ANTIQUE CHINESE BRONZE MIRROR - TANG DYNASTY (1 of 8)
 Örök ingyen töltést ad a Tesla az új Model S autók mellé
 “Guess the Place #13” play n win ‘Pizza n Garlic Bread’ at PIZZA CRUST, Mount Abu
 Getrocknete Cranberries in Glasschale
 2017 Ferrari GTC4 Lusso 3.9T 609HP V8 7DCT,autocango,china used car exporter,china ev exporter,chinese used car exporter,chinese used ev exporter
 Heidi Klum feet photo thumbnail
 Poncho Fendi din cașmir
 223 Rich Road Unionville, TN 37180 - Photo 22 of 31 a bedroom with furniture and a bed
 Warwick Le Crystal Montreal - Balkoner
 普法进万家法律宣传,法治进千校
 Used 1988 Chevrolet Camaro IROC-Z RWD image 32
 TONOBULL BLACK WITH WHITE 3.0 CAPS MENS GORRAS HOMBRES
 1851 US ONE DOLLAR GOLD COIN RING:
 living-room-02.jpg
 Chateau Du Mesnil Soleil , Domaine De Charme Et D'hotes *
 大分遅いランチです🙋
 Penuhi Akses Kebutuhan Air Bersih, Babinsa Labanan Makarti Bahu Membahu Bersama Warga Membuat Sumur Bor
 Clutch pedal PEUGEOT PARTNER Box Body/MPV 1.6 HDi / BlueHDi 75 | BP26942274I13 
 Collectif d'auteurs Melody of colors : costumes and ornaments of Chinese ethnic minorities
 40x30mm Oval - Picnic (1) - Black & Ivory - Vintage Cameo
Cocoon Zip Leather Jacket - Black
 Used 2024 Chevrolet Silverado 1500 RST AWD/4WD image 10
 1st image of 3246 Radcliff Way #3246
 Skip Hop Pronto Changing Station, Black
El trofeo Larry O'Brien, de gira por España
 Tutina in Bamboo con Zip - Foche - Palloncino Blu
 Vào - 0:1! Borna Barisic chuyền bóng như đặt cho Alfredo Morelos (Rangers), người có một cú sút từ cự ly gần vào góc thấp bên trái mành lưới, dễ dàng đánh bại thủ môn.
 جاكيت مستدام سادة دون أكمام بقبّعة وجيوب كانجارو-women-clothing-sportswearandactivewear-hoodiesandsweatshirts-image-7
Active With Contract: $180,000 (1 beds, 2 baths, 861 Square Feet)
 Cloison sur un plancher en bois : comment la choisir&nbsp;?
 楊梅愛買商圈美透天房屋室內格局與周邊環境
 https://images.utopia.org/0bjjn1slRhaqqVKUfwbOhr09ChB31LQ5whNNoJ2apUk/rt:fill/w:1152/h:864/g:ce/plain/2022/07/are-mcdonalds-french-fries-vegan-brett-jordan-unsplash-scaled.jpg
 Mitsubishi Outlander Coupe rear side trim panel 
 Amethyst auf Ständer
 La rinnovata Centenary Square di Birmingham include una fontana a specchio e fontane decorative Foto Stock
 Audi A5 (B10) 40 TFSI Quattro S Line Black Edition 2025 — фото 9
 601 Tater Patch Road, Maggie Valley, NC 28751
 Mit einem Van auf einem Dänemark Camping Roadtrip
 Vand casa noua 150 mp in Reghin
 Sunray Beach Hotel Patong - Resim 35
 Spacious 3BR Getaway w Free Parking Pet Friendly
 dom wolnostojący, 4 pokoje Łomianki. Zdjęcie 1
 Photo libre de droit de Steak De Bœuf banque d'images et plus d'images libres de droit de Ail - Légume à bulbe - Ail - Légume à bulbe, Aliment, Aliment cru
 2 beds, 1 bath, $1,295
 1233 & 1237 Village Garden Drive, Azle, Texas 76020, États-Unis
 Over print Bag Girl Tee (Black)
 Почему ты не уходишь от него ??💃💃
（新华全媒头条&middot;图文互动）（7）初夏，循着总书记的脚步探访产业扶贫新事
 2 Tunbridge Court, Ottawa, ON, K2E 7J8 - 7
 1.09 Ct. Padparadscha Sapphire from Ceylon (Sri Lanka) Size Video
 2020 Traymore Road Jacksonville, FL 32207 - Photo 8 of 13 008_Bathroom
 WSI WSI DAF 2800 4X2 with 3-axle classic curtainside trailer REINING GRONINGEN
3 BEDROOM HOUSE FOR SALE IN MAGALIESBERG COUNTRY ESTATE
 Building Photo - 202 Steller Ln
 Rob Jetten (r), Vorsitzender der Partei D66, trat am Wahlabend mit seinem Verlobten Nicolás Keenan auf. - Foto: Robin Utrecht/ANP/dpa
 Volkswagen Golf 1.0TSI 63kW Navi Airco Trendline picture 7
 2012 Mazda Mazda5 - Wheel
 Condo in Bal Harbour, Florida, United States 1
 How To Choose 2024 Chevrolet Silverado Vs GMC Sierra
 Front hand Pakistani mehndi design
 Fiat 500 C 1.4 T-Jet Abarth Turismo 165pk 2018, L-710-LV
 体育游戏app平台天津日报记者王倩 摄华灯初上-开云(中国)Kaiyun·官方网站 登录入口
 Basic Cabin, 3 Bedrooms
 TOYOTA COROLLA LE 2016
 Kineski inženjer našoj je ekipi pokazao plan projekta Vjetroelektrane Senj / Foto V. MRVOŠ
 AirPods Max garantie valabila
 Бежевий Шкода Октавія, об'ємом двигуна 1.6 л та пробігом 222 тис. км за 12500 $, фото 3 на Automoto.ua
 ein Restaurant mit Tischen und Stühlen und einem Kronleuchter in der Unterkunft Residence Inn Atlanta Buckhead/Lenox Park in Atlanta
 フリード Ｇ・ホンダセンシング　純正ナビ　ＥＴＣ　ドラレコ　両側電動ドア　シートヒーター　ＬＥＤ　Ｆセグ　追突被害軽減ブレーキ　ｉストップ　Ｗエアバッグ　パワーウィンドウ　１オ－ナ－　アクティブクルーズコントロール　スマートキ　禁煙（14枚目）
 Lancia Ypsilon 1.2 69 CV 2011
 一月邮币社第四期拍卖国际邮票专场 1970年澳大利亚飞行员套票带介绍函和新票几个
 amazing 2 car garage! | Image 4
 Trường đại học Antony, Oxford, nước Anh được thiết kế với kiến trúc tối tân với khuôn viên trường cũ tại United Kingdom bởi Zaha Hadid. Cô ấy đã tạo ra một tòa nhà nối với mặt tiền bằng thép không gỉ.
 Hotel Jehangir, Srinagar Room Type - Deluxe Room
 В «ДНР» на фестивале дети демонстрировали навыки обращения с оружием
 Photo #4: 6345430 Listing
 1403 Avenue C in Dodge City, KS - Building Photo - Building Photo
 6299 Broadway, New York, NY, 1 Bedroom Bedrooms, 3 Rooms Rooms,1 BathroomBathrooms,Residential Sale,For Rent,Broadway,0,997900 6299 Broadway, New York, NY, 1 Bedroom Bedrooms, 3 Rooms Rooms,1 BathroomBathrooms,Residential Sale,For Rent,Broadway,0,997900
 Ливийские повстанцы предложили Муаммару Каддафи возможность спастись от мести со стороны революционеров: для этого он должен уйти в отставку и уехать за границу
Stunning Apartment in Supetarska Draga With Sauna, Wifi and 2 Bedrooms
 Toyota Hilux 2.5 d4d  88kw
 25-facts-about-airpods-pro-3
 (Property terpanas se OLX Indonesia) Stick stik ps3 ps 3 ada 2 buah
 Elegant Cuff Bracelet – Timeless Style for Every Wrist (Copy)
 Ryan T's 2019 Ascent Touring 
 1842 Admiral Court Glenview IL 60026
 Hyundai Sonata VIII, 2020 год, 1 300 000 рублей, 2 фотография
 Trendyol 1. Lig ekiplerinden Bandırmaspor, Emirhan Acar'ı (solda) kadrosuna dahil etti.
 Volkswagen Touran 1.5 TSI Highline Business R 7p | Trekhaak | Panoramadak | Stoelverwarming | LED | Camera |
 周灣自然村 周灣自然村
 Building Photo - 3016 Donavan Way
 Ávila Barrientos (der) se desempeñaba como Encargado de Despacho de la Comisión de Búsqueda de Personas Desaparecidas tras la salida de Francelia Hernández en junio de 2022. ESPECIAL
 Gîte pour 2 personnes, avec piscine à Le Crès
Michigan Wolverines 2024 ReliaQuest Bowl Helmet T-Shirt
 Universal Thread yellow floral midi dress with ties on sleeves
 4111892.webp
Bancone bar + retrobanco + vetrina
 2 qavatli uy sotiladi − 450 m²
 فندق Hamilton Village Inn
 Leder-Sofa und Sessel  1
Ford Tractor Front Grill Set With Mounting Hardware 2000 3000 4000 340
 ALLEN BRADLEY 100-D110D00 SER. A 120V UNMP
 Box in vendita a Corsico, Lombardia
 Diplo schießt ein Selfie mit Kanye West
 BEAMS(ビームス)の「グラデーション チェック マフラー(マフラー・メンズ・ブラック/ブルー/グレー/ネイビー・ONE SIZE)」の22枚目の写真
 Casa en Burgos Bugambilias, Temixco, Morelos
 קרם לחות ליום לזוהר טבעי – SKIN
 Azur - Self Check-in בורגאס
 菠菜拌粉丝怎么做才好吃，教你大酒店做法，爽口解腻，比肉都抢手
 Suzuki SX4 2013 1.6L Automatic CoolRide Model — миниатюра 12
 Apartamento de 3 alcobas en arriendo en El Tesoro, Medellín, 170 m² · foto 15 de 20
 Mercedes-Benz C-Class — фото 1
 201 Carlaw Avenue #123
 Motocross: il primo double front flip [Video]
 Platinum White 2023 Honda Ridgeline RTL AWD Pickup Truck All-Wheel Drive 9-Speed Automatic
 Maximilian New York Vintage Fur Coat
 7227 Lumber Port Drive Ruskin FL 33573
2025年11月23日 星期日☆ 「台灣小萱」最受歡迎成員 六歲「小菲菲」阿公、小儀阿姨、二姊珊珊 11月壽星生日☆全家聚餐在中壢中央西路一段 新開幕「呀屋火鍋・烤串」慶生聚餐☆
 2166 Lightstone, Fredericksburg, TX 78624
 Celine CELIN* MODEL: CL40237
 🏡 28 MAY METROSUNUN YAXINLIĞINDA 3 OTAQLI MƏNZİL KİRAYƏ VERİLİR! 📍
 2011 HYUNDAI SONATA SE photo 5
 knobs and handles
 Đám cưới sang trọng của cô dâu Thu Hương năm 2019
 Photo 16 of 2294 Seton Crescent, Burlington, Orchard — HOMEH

What to do
Go through the material above and output exactly the lines from the one containing "Maximilian New York Vintage Fur Coat" through the one containing "Celine CELIN* MODEL: CL40237".

Response box
 Maximilian New York Vintage Fur Coat
 7227 Lumber Port Drive Ruskin FL 33573
2025年11月23日 星期日☆ 「台灣小萱」最受歡迎成員 六歲「小菲菲」阿公、小儀阿姨、二姊珊珊 11月壽星生日☆全家聚餐在中壢中央西路一段 新開幕「呀屋火鍋・烤串」慶生聚餐☆
 2166 Lightstone, Fredericksburg, TX 78624
 Celine CELIN* MODEL: CL40237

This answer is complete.